In the records below, begin at the line containing "Extra Large Stainless" and end at the line containing "Farah Daybreak Men's"; quote every line in that span exactly, including both boundary lines, and no others.

#### Information shown

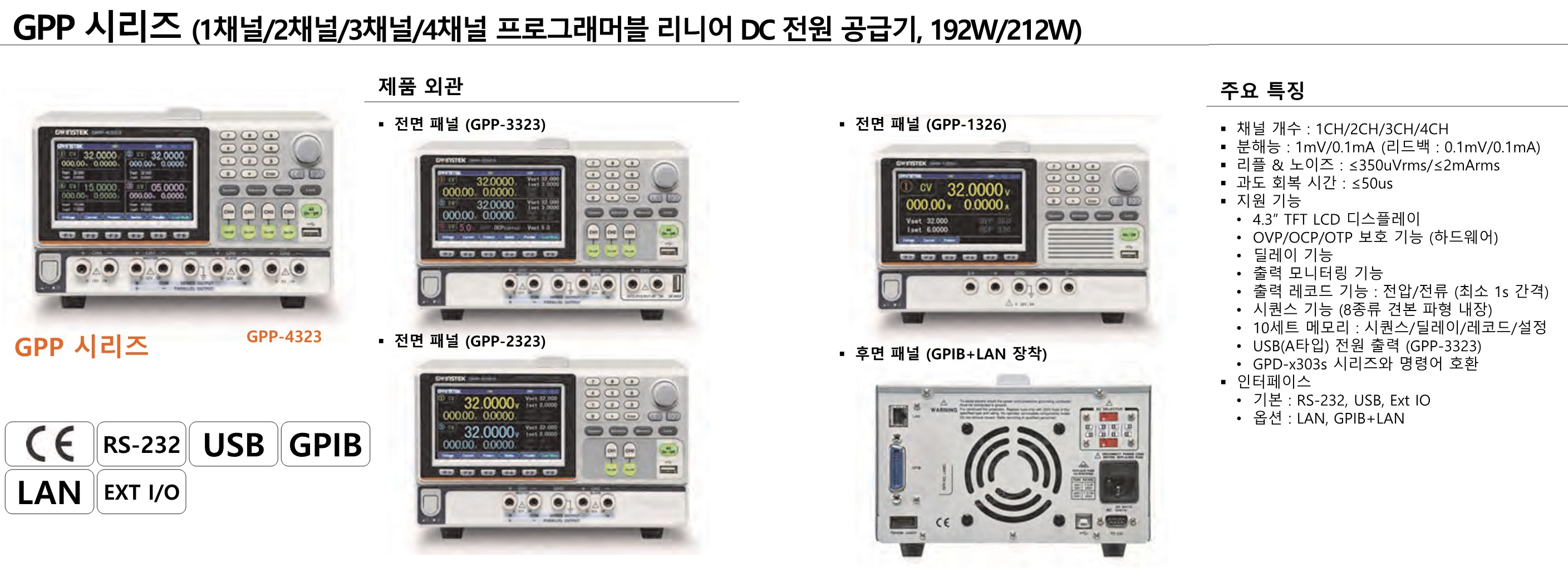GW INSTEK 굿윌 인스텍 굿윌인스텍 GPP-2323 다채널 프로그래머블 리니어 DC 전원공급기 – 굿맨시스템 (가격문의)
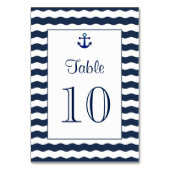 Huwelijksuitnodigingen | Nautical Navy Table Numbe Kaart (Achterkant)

########
#### Information shown

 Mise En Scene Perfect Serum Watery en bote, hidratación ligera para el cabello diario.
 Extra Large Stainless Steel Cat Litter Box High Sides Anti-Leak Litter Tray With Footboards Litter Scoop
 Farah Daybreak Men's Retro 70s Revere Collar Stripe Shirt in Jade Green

########

Written answer:
 Extra Large Stainless Steel Cat Litter Box High Sides Anti-Leak Litter Tray With Footboards Litter Scoop
 Farah Daybreak Men's Retro 70s Revere Collar Stripe Shirt in Jade Green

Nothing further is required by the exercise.